27.04.1995
New approach in Ireland
STEP BY painful step the British state regains control over the Six Counties. It is a slow process as the British government and the Provisionals edge closer together while facing apart. And, although both sides are playing the game, it is not an even match. Sinn Fein is eager to press ahead, but the British government is not in such a hurry. It wants more concessions. Who has the upper hand here? Well it certainly is not the forces of revolutionary republicanism.
What then of our comrades in the Irish National Liberation Army? In recent years operations of any kind by Inla have been very rare, and propaganda from Inla’s political wing, the Irish Republican Socialist Party, non-existent. For all practical purposes the IRSP has ceased to be, and Inla has been reduced to individuals acting in name only.
Now however the trial of four volunteers in Dublin, arrested last month while transporting arms, has become the occasion for a definitive statement. The statement from the four, with all the authority of the IRSP leadership, said:
“A new non-violent approach [is] needed ... And in keeping with this ... the Irish National Liberation Army suspend[ed] its military operations in July 1994.”
If comrades mean that a new political approach is needed, then we could not agree more.
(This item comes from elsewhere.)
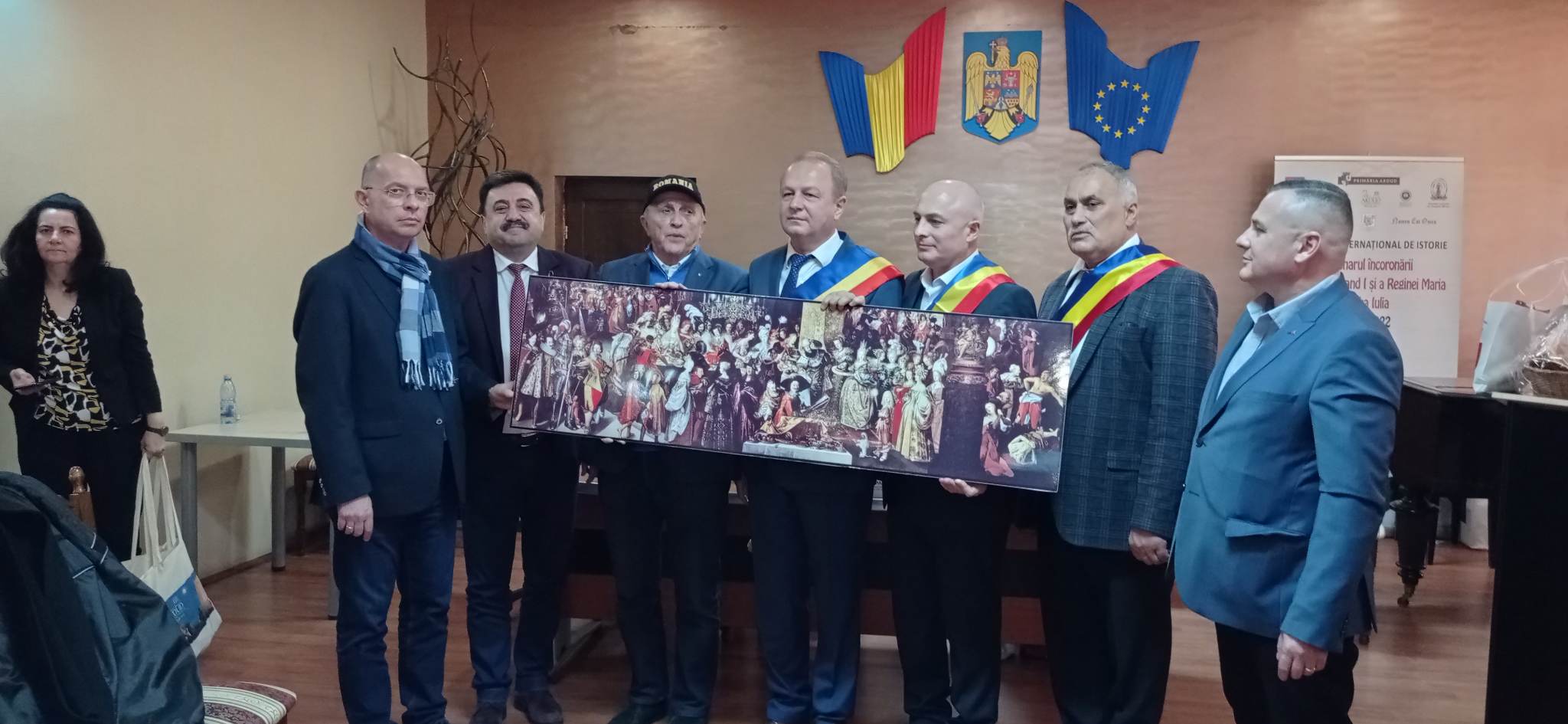 VIDEO/FOTO. SĂRBĂTOARE. Ceremonie deosebită la Ardud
But I do not think we are about to see a major political offensive by the IRSP. Rather, the remnants of the IRSP and Inla have been pushed in this direction by the revolutionary situation being wound down, and pushed into proclaiming it by the necessity of courtroom tactics.
The British state remains the foremost enemy of revolutionaries within the UK. Working class militants and revolutionaries within the UK - all those who remain loyal to the IRSP banner - must not lower their sights to constitutional struggle and meagre reforms.
The fight being conducted by the Communist Party of Great Britain to overthrow the British state is one for all revolutionaries within the borders it rules.